Add a cascade failure or two from famine or war to this tension causing communication networks to break down and substinance agriculture to return, and the landowners (or their deputies, or their deputies deputy) become the ruling class of the new system, with the bonds of land ownership merging with the civil/legal bonds to create ties of obligation. Because there are no central legions to slap down slave rebellions, the landowners are forced to rely on a small group of personal companions and yeomen to keep order, which requires progressively giving the slaves more legal rights in order to maintain control.
Meanwhile the poorer urban classes, losing their surplus, are forced to become productive in their own right, forming the core of a merchant/craftsman class that becomes our Bourgoise/Proletariat.

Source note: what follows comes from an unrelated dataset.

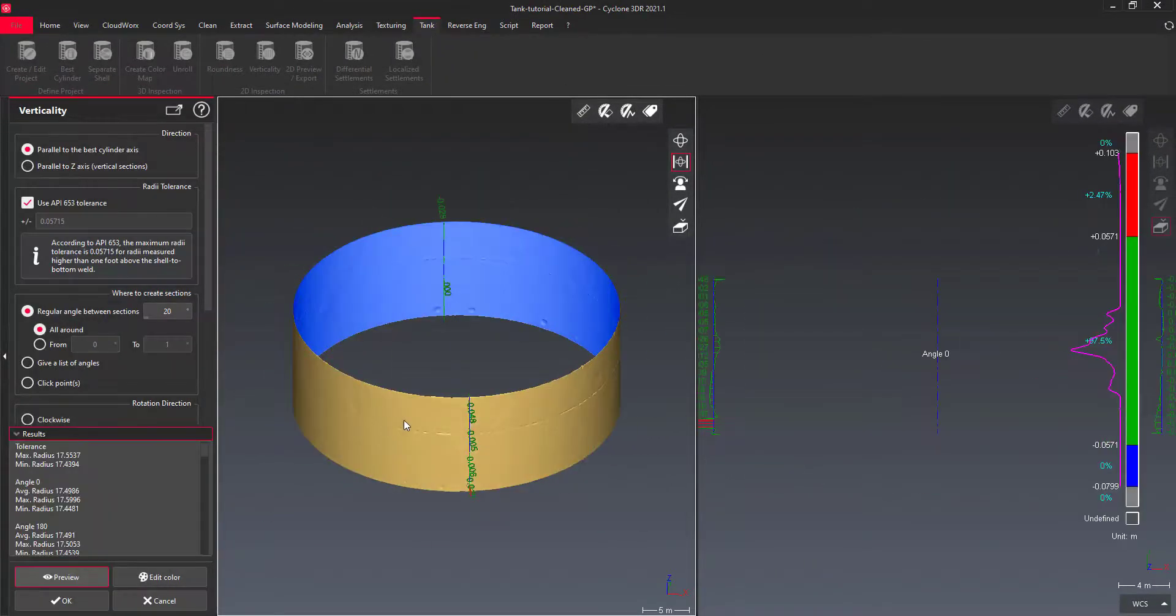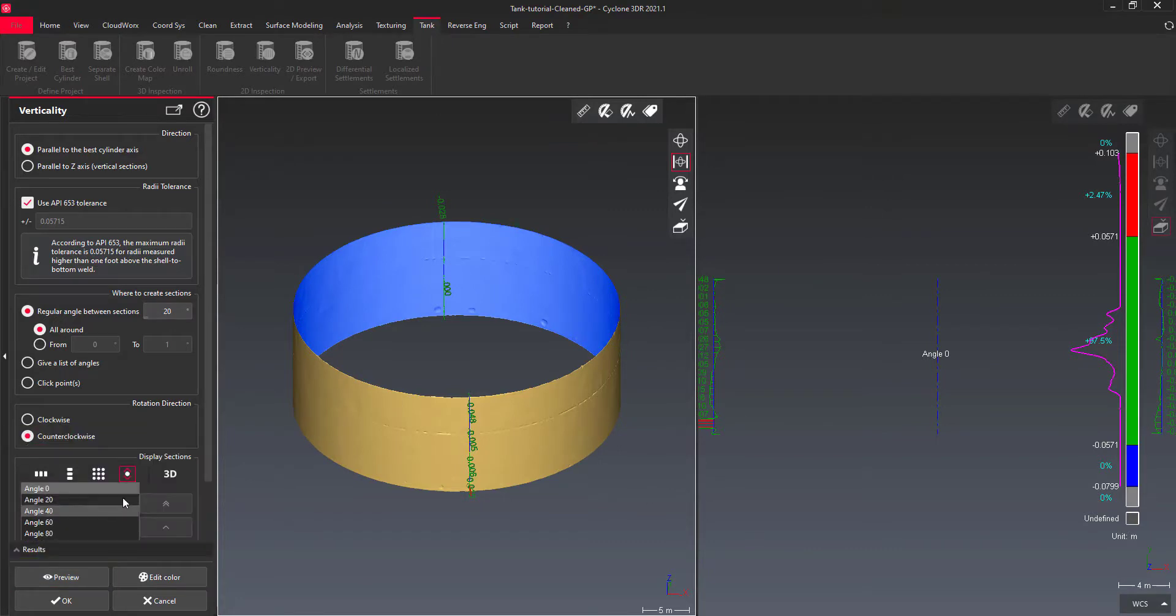For a given angle, a comparison is computed between sections on the reference best cylinder and on the measured shell.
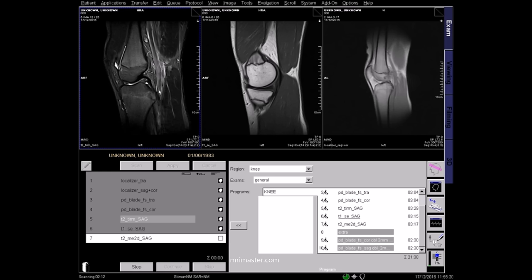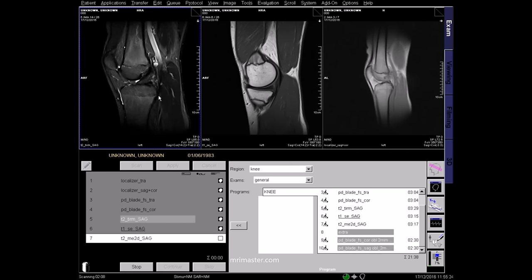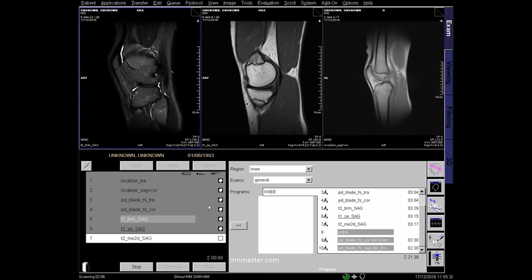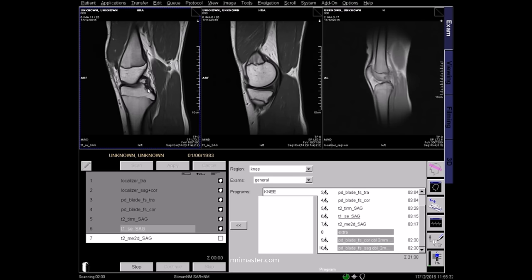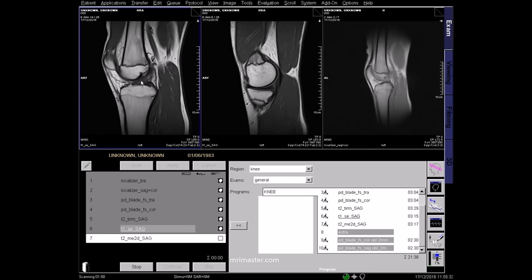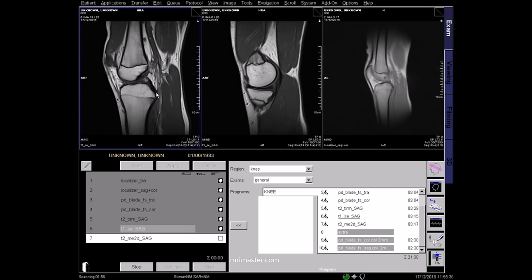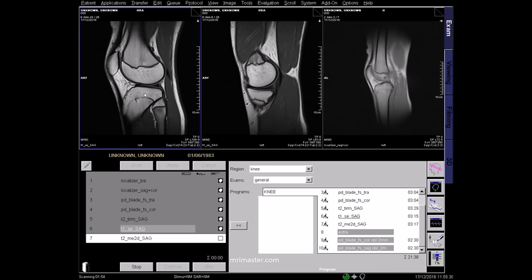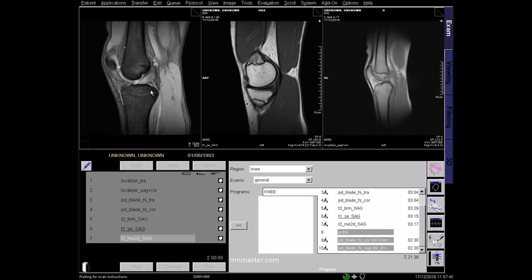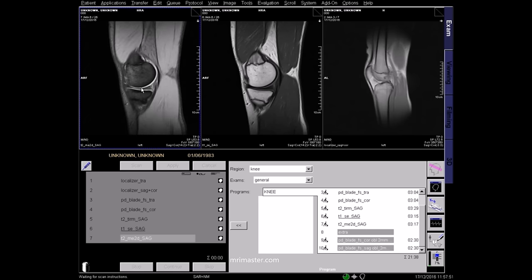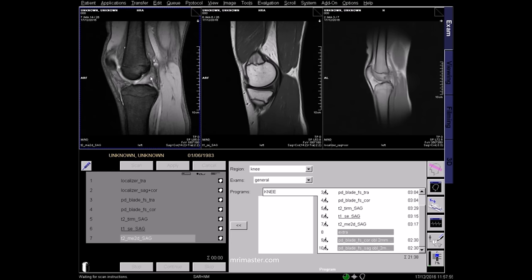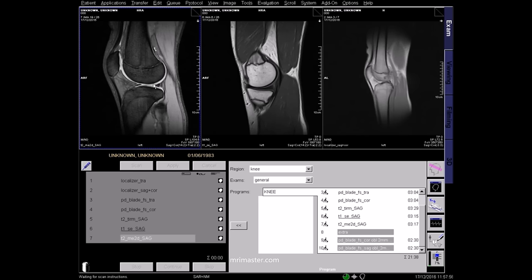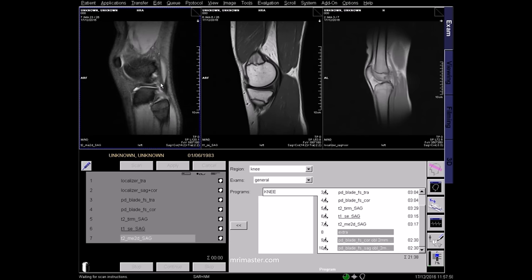This is a STIR sagittal image where fluids appear bright and fat appears dark; STIR sagittals are useful for highlighting infection and bony oedema. This is a T1 sagittal image where fluids appear dark and fat appears bright; T1 sagittal is useful in the diagnosis of cystic and blood components — blood would appear bright on T1 scans. This is a T2 star, or T2 gradient echo, sagittal. In this sequence fluids appear bright and muscles appear grey. T2 star sagittal is very useful for visualising the menisci and for assessing the ACL and the PCL.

That was a fascinating read, thank you!
could you elaborate on why
concentration of power under rich members of both classes, independent of the political center
destabilizes this system?
also, could you clarify what you mean by this:
new technological developments allow self-sustaining rural economies with similar surpluses from smaller political units
and this:
causing communication networks to break down
On top of the other recommendations, I highly recommend Caliban and the Witch. It’s about gender roles and how they were shaped by feudalism and capitalism. It also does a really solid job explaining how the slaving economies of Rome / Carthage collapse and turn into an early feudal system of Lords and Serfs. It offers very material explanations of the actions and reactions in a 1,000-year struggle between the peasantry and the royalty.
It also talks about how much of our language has been shaped by the ruling class under feudalism.
But it’s mostly about women, and how the ruling class controlled/controls them.
The author opens by saying she’s trying to fill Marx’s blind spot of women’s roles in the class struggle.